His jaw worked. His eyes glittered. And then he tugged her against him and crushed his mouth down on hers. Her body dissolved as his beloved lips moved over hers. His tongue slid into her mouth and she moaned as she clung to him.
But that voice in the back of her head wouldn’t let her enjoy the moment. It kept telling her she had to stand up for herself, that he was trying to kiss her into compliance without really giving her a thing. That he was imposing his will on her and trying to make her bend to it.
She pushed her palms against his chest—once, hard—and he let her go.
“Lucillitsa …” He swallowed. “I can’t be what you want. I can’t promise you anything. I can only be what I am, and I can only give you what is in my heart right this minute. I want you. I’ve tried not to, but I do. And that’s more than I’ve given any woman.”

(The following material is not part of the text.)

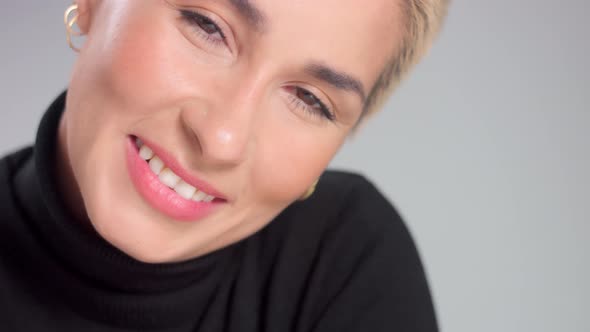 Blonde with Short Haircut in Studio Poses for Camera on Grey Ideal Skin alt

She wrapped her arms around herself. “It’s not enough.” Her throat ached. Hadn’t she been here before? In so many different ways than this one, she’d accepted less than she deserved because others claimed it was all they were capable of. “I’m tired of doing the best I can and it not being good enough. I’m tired of giving my all and having others give me a portion in return.” She shook her head back and forth almost violently. “No, I won’t do it. I won’t accept it. It’s all or nothing, Christos.”